*What you will do*: Output each record exactly, with nothing omitted.
Start of Data to examine
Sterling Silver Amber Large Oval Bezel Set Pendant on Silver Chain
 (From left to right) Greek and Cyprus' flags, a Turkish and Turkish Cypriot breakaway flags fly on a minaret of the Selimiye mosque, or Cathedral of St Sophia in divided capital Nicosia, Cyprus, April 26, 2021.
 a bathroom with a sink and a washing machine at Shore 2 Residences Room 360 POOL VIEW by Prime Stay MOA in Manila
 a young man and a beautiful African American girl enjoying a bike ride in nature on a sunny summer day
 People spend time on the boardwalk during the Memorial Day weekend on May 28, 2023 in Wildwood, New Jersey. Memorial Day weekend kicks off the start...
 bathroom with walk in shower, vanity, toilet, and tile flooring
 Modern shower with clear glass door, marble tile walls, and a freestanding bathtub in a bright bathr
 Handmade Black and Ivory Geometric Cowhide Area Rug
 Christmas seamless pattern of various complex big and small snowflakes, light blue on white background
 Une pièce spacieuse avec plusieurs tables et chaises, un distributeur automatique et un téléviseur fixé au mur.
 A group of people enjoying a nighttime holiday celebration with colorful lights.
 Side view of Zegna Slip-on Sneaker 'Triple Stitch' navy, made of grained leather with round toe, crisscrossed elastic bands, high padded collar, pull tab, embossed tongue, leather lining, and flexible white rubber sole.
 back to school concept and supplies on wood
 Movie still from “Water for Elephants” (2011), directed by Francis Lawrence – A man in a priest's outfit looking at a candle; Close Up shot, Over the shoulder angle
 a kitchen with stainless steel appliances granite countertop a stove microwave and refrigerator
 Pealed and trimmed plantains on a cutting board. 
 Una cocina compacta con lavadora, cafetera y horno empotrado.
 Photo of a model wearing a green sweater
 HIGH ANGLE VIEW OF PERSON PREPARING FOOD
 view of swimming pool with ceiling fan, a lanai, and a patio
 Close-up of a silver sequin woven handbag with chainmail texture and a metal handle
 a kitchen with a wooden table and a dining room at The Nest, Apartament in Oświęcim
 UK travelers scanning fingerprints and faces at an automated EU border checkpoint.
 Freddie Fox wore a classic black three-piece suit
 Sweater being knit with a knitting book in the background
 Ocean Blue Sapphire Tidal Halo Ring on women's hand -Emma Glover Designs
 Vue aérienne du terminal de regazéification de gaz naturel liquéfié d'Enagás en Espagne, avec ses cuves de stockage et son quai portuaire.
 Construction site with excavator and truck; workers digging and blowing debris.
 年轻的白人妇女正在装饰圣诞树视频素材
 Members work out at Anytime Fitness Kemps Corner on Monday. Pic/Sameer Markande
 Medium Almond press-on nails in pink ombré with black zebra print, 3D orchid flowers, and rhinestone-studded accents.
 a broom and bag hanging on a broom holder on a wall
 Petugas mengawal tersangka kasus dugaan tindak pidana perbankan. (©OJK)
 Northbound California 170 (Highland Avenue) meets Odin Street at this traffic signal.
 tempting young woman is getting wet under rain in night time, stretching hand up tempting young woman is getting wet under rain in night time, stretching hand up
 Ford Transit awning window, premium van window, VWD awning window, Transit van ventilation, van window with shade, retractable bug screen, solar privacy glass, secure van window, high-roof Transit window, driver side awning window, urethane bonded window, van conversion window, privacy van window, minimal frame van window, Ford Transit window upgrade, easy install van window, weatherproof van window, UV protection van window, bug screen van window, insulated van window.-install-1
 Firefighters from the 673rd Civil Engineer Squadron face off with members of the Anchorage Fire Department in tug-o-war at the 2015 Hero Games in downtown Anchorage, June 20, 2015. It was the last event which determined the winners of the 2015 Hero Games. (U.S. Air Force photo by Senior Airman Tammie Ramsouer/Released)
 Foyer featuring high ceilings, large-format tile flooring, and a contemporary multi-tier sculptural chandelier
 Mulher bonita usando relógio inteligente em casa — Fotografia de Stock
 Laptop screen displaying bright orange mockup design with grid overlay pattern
End of Data to examine
*Solution for this task*:
Sterling Silver Amber Large Oval Bezel Set Pendant on Silver Chain
 (From left to right) Greek and Cyprus' flags, a Turkish and Turkish Cypriot breakaway flags fly on a minaret of the Selimiye mosque, or Cathedral of St Sophia in divided capital Nicosia, Cyprus, April 26, 2021.
 a bathroom with a sink and a washing machine at Shore 2 Residences Room 360 POOL VIEW by Prime Stay MOA in Manila
 a young man and a beautiful African American girl enjoying a bike ride in nature on a sunny summer day
 People spend time on the boardwalk during the Memorial Day weekend on May 28, 2023 in Wildwood, New Jersey. Memorial Day weekend kicks off the start...
 bathroom with walk in shower, vanity, toilet, and tile flooring
 Modern shower with clear glass door, marble tile walls, and a freestanding bathtub in a bright bathr
 Handmade Black and Ivory Geometric Cowhide Area Rug
 Christmas seamless pattern of various complex big and small snowflakes, light blue on white background
 Une pièce spacieuse avec plusieurs tables et chaises, un distributeur automatique et un téléviseur fixé au mur.
 A group of people enjoying a nighttime holiday celebration with colorful lights.
 Side view of Zegna Slip-on Sneaker 'Triple Stitch' navy, made of grained leather with round toe, crisscrossed elastic bands, high padded collar, pull tab, embossed tongue, leather lining, and flexible white rubber sole.
 back to school concept and supplies on wood
 Movie still from “Water for Elephants” (2011), directed by Francis Lawrence – A man in a priest's outfit looking at a candle; Close Up shot, Over the shoulder angle
 a kitchen with stainless steel appliances granite countertop a stove microwave and refrigerator
 Pealed and trimmed plantains on a cutting board. 
 Una cocina compacta con lavadora, cafetera y horno empotrado.
 Photo of a model wearing a green sweater
 HIGH ANGLE VIEW OF PERSON PREPARING FOOD
 view of swimming pool with ceiling fan, a lanai, and a patio
 Close-up of a silver sequin woven handbag with chainmail texture and a metal handle
 a kitchen with a wooden table and a dining room at The Nest, Apartament in Oświęcim
 UK travelers scanning fingerprints and faces at an automated EU border checkpoint.
 Freddie Fox wore a classic black three-piece suit
 Sweater being knit with a knitting book in the background
 Ocean Blue Sapphire Tidal Halo Ring on women's hand -Emma Glover Designs
 Vue aérienne du terminal de regazéification de gaz naturel liquéfié d'Enagás en Espagne, avec ses cuves de stockage et son quai portuaire.
 Construction site with excavator and truck; workers digging and blowing debris.
 年轻的白人妇女正在装饰圣诞树视频素材
 Members work out at Anytime Fitness Kemps Corner on Monday. Pic/Sameer Markande
 Medium Almond press-on nails in pink ombré with black zebra print, 3D orchid flowers, and rhinestone-studded accents.
 a broom and bag hanging on a broom holder on a wall
 Petugas mengawal tersangka kasus dugaan tindak pidana perbankan. (©OJK)
 Northbound California 170 (Highland Avenue) meets Odin Street at this traffic signal.
 tempting young woman is getting wet under rain in night time, stretching hand up tempting young woman is getting wet under rain in night time, stretching hand up
 Ford Transit awning window, premium van window, VWD awning window, Transit van ventilation, van window with shade, retractable bug screen, solar privacy glass, secure van window, high-roof Transit window, driver side awning window, urethane bonded window, van conversion window, privacy van window, minimal frame van window, Ford Transit window upgrade, easy install van window, weatherproof van window, UV protection van window, bug screen van window, insulated van window.-install-1
 Firefighters from the 673rd Civil Engineer Squadron face off with members of the Anchorage Fire Department in tug-o-war at the 2015 Hero Games in downtown Anchorage, June 20, 2015. It was the last event which determined the winners of the 2015 Hero Games. (U.S. Air Force photo by Senior Airman Tammie Ramsouer/Released)
 Foyer featuring high ceilings, large-format tile flooring, and a contemporary multi-tier sculptural chandelier
 Mulher bonita usando relógio inteligente em casa — Fotografia de Stock
 Laptop screen displaying bright orange mockup design with grid overlay pattern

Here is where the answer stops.